Como nossas empresas se mudaram quase todas para a China, não possuímos mais capital suficiente para sustentar os atletas. Geramos emprego na China, tanto consumindo o lixo que eles produzem quanto instalando nossas indústrias por lá, seduzidos pela mão-de-obra escrava da ditadura de Pequim, modelo para a ditadura brasileira. Somos o que plantamos. Mas isso não passa pelos olhos brilhantes dos jornalistas que fazem a cobertura, tão preocupados em perguntar quem vai dar o “nosso melhor” nas quadras.

Os comerciais entregam todas. Há um sobre a maratona em que os atletas param diante do espetáculo: nos dois lados da avenida onde fazem a competição, só tem agências de um banco. A presença maciça da ditadura financeira sufoca o atletismo, que deveria ser sustentado pelos impostos cobrados do setor produtivo e não pelas migalhas colhidas dos lucros exorbitantes da ciranda monetarista. O sistema perverso nos joga no tatame e somos obrigados a conviver com uma euforia sem limites, em que o presidente acha que “estamos prontos” para sediar uma Olimpíada em 2016. No Rio, naturalmente. Ué, não seria em Brasília?

Vamos imaginar a abertura das Olimpíadas no Brasil. Começa com dez mil mulatas de fio dental rebolando a celulite enquanto dez mil passistas “dizem” com o pé, fazendo aquele sorriso falso do Al Jolson, branco que interpretava negro no alvorecer do cinema falado. As coreografias obedeceriam ao princípio seja-o-que-deus-quiser, cada perna para um lado ou para cima. Fafá de Belém cantaria o Hino Nacional (“Ou-virâm, dô I-pi-rân-ga, as mar-gens plááácidas!”). Como divulgou a Monica Bergamo recentemente na sua página na Ilustrada, o bumbum brasileiro é um hit internacional (não estou inventado, saiu na Folha). Como virou paradigma do país que é o rabo do mundo teríamos , nessa abertura, uma multidão de bundas voltadas para cima com o recado explícito de “mundo, venha nos comer”.

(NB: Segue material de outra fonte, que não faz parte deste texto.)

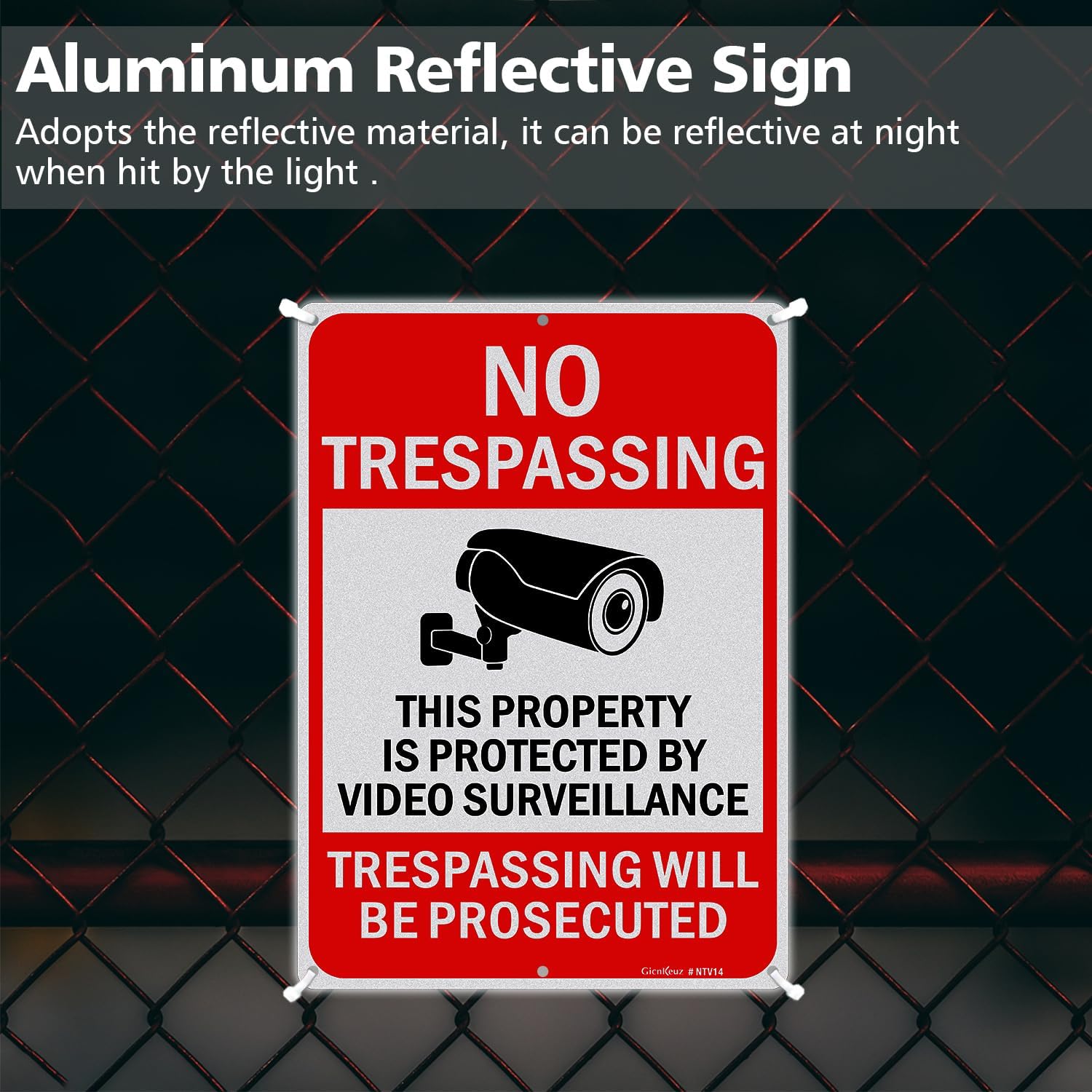 Large Video Surveillance Signs, 14x10 Inches No Trespassing Sign Private Property Sign, Reflective Aluminum, Fade Resistant,Indoor or Outdoor Use (4-Pack)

Os fogos seriam terceirizados para uma empresa argentina, que produziria mais fumaça do que cores. A tocha olímpica seria patrocinada por algum banco e o atleta levaria o fogo envolto na logomarca do dito-cujo. O Galvão Bueno ocuparia a tribuna de honra e receberia os cumprimentos dos estadistas estrangeiros. Uma parte do estádio ruiria com o peso da multidão pobre. O eterno presidente Hugo Chávez, com aquele sorriso lombrosiono de dono de cabaré, estaria rodeado de beldades brasileiras de micro-saias. Em vez de só termos atletas brasileiros, nossa delegação abrigaria italianos, russos, venezuelanos, chineses, americanos, todos com dupla nacionalidade.

Seria um estouro. Nunca antes nesse país veríamos coisa igual.

RETORNO - Imagem de hoje: Al Jolson no filme The Jazz Singer.